Organizations are increasingly interested in robust systems for assessing and managing risk in general and operational risk in particular. The growing interest in operational risk management has been driven by a variety of factors, including the introduction of regulations requiring businesses to quantify and manage operational risk, such as the New Basel Capital Accord, known as Basel II (see “The New Basel Capital Accord”, Bank for International Settlements, April 2003). In most cases, risk is evaluated based on a risk model that seeks to quantify the variability of the risk measure. Risk models are generally specific to a line of business or a risk type, and classified as data-based or opinion based.
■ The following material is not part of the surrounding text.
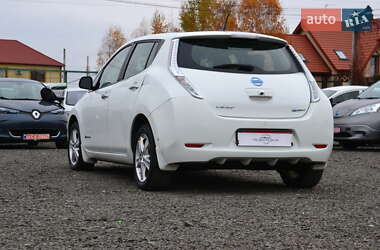 Хэтчбек Nissan Leaf 2015 в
Such risk models include models based on historical data (statistical models) and models based on expert opinion (for parameter values). Sometimes models are deterministic (i.e., represented by an analytical formula) but with probabilistic inputs making the output probabilistic as well. The usefulness of the statistical approach is limited by the availability of input data on risk events. The expert-oriented approach is limited by the reliability of the experts answers. Both types of models can be computationally intensive. In addition, individual risk models are often not broad enough to support enterprise wide risk management. One solution is to compose risk models to obtain an enterprise level risk assessment. However, the diversity and complexity of risk models makes this task challenging. In particular, models are often designed with a local objective in mind, and may lack the specification of their input and output parameters along with the context in which they were designed and their computational requirements.
Modern organizations are dynamic communities exposed to risks that change on a constant basis. Current risk models are static and only capable of modeling a portion of an organization's risk at a present point in time, but are of limited use in modeling an organization's future risk exposure. Further, risk models are not centrally managed. Therefore, the outputs of heterogeneous risk models cannot easily be combined, nor are the inputs to each risk model easily updated with the most currently available information. The lack of a modular approach to risk management and a lack of centralized management of risk models limits the reuse of individual models for modeling future risk. In particular, re-using individual models (for instance weather models), as part of a larger model (for instance manufacturing risk which would include a weather model) is challenging and often, risk analysts re-build models from the ground up rather than leveraging the time and expertise which has been invested in existing models.
A system and method that enables risk quantification using dynamic composition of heterogeneous risk models is desirable. It is further desirable that the method and system centrally manages the risk models and updates each risk model with the most currently available information.